◆ Work to be completed
Skip the pictures and write out, word for word, the lines below from the one with "Könyv Ghost of Thomas Kempe Penelope Lively" through the one with "Lejlighed i Nice, Alpes-Maritimes, Nice", inclusive.

◆ Material to process

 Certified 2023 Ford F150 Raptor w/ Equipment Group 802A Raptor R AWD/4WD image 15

* * *

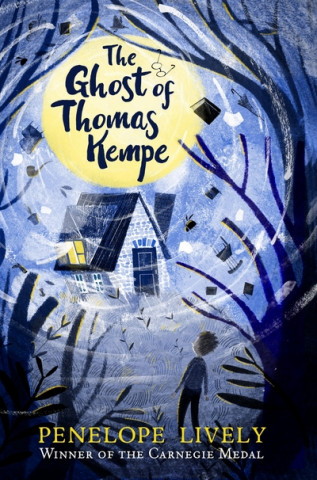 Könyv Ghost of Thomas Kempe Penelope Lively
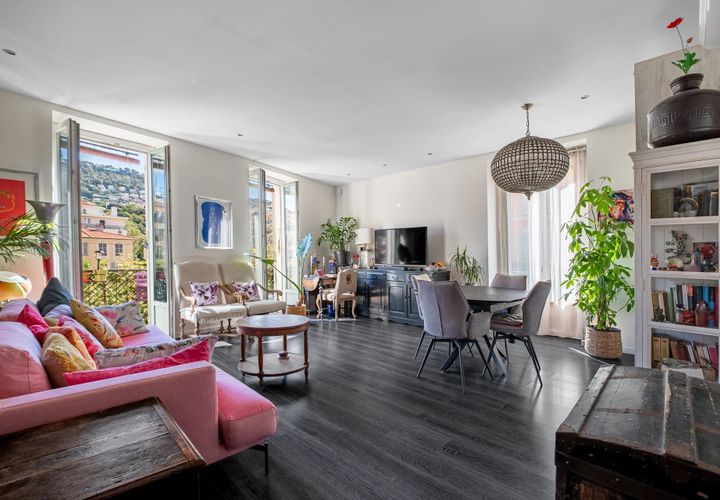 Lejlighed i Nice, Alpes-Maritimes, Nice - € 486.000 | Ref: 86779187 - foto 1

◆ Output
 Könyv Ghost of Thomas Kempe Penelope Lively
 Lejlighed i Nice, Alpes-Maritimes, Nice - € 486.000 | Ref: 86779187 - foto 1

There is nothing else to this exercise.